Government tosses bigger rocks.

Hollywood_Freaks writes:

Or in the case of Zimbabwe, the government pulled the plug on the drain.

Joe Marier writes:

I don't think he was talking about the kind of pool that has drains. Who tosses rocks into swimming pools?

another bob writes:

I'd argue that govt plans are different in kind not just in quantity. By aggregating all individual choices into a single choice and forcing the choice-making through a single body you systematically eliminate experimentation, innovation and learning at the margin and substitute the incentives of the bureaucrat for the incentives of the consumer.

So, instead of simply slower evolution due to fewer choices (that is fewer, bigger rocks) you get a completely different pond.
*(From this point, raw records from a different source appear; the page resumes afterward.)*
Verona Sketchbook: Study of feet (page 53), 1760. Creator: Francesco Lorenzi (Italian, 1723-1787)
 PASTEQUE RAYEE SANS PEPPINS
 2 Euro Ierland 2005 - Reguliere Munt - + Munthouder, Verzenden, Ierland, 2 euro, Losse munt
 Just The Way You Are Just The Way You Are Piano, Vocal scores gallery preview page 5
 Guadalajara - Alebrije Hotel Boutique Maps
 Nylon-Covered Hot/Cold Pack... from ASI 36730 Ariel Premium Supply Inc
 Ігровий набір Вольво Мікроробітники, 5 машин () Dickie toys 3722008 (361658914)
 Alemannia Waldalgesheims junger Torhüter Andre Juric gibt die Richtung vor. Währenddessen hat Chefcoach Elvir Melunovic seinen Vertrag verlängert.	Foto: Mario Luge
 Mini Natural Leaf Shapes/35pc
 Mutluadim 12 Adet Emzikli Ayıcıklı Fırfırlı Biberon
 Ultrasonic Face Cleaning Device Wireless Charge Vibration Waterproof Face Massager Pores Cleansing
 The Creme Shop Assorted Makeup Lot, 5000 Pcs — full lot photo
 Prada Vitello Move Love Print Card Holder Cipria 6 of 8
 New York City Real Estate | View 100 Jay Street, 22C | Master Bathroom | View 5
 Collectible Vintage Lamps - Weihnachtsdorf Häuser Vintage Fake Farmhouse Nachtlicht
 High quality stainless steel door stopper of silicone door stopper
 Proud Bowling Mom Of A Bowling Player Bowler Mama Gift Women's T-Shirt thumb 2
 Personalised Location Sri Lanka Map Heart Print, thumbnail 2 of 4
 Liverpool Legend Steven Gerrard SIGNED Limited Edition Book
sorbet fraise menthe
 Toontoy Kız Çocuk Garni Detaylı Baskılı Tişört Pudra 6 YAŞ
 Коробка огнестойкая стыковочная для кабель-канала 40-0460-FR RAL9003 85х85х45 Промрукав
For example, school boards and administrators make one big decision for hundreds or thousands of students. Vouchers would allow for disaggregation. I'm convinced they make the same choices that most parents and students would make and eliminate the possibilities that some parents would make. Therefore, there is no learning by most parents from the adventurous choices of a few. There's nothing quite so stagnant as education services.

a david writes:

So maybe the "emergent order" is more like a rushing stream than a pool: various parties throw in rocks diverting the course of the stream. The process eventually creates dams and sidestreams, both old and new.

The end result is a situation where no single party controls the boundaries or course of the stream. Some players, certainly the governement, are more influential than others, but even it cannot completely control the path. Political decisions, despite being the prevailing form of centralized design, often yield unintended consequences as a result of outside influences and lack of information.